- _Your objective_
Only the lines from the one containing "Sun Sparkly Copper Resin Necklace" through the final line below belong in the output, copied exactly and without pictures.

- _Study material_
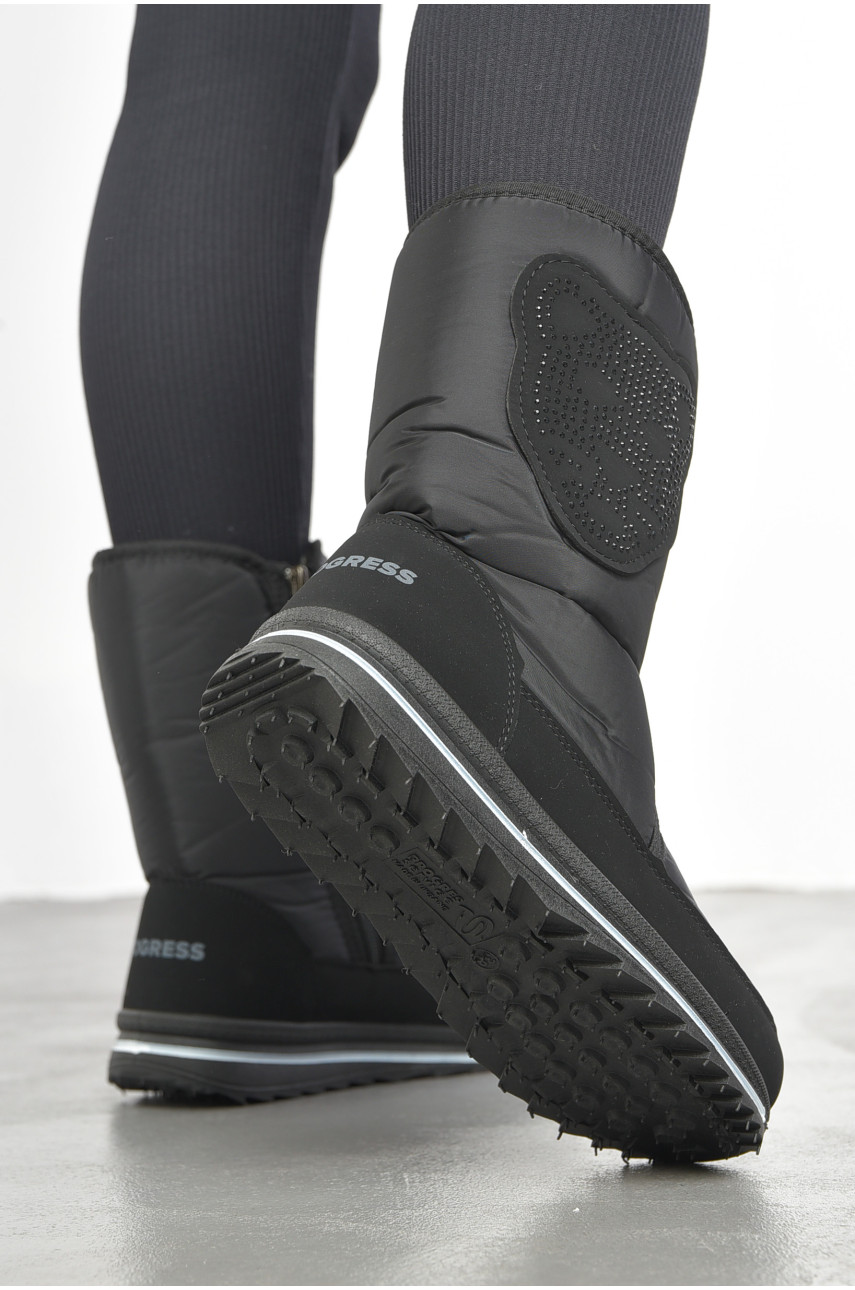 Дутики жіночі на хутрі чорного кольору 3106 193076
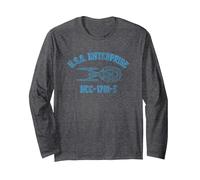 Star Trek Enterprise E Athletic Manche Longue, Unisexe pour Adultes, Chiné Foncé, XXL
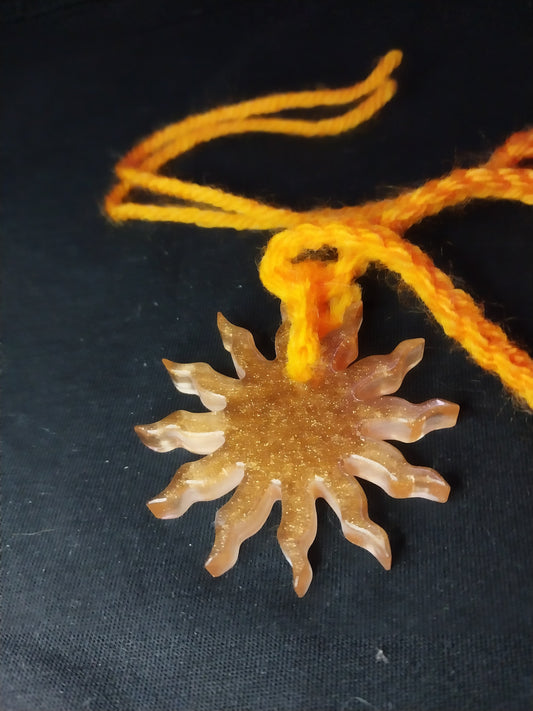 Sun Sparkly Copper Resin Necklace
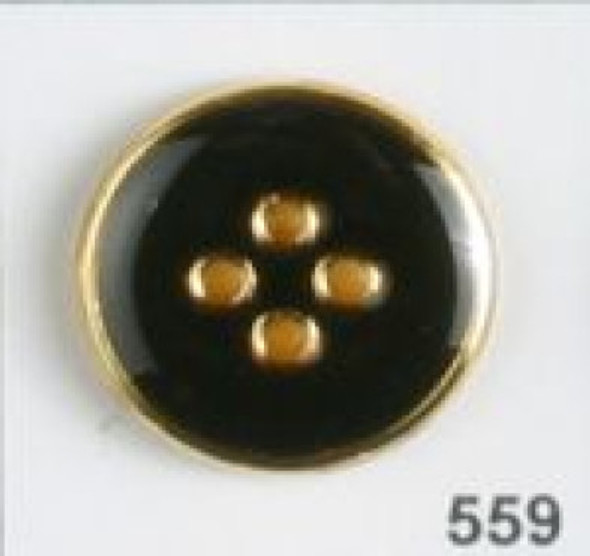 Antique Black and Gold Classic 4 Hole Enameled 30L Button db-559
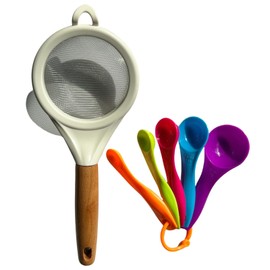 Food Strainers-Premium Kitchen Utensil Set with Stainless Steel Mesh Strainer, Wooden Handle, Colorful Measuring Spoons, 6 Piece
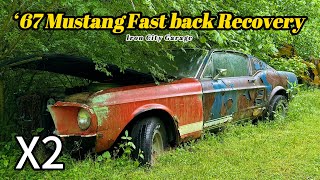 Rescuing two 1967 Mustang Fastbacks from the hills of West Virginia Can we get them out [upl. by Olivann]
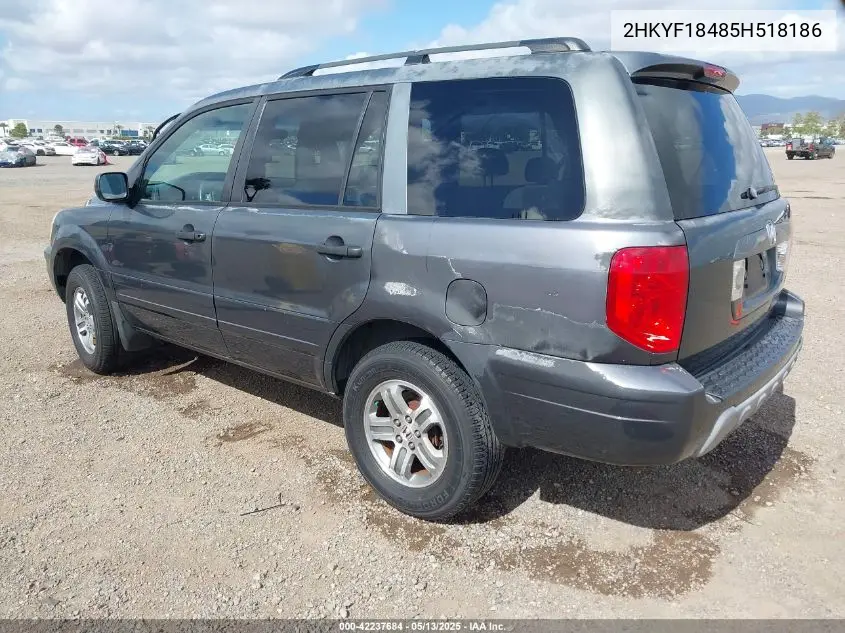 2005 Honda Pilot Ex VIN: 2HKYF18485H518186 Lot: 42237684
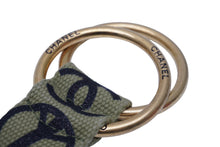 Load image into Gallery viewer, CHANEL シャネル グラフィティ ベルト B15S RUE CAMBON コットンキャンバス カーキ ゴールド金具 美品 中古 62017
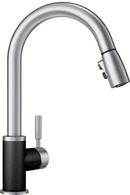 Single Handle Pull Down Kitchen Faucet in Anthracite/Stainless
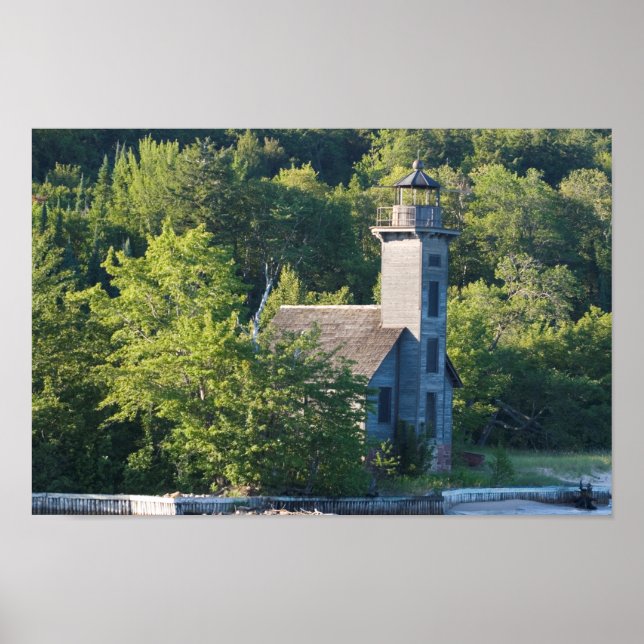 Póster Faro del Canal Este, Michigan (Frente)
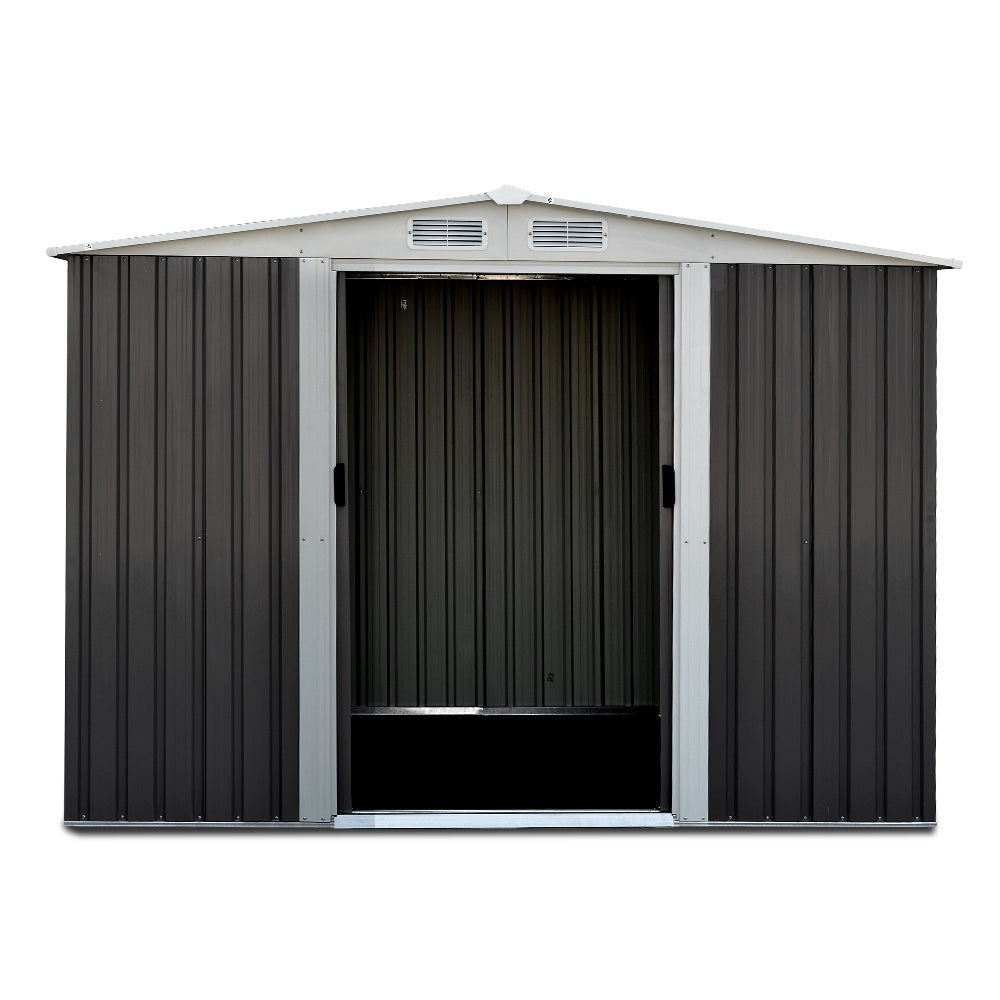 2.05 x 2.57m Steel Garden Shed with Roof - Grey - image3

- _Result for this exercise_
 Sun Sparkly Copper Resin Necklace
 Antique Black and Gold Classic 4 Hole Enameled 30L Button db-559
 Food Strainers-Premium Kitchen Utensil Set with Stainless Steel Mesh Strainer, Wooden Handle, Colorful Measuring Spoons, 6 Piece
 Rescuing two 1967 Mustang Fastbacks from the hills of West Virginia Can we get them out [upl. by Olivann]
 2005 Honda Pilot Ex VIN: 2HKYF18485H518186 Lot: 42237684
 Load image into Gallery viewer, CHANEL シャネル グラフィティ ベルト B15S RUE CAMBON コットンキャンバス カーキ ゴールド金具 美品 中古 62017
 Single Handle Pull Down Kitchen Faucet in Anthracite/Stainless
 Póster Faro del Canal Este, Michigan (Frente)
 2.05 x 2.57m Steel Garden Shed with Roof - Grey - image3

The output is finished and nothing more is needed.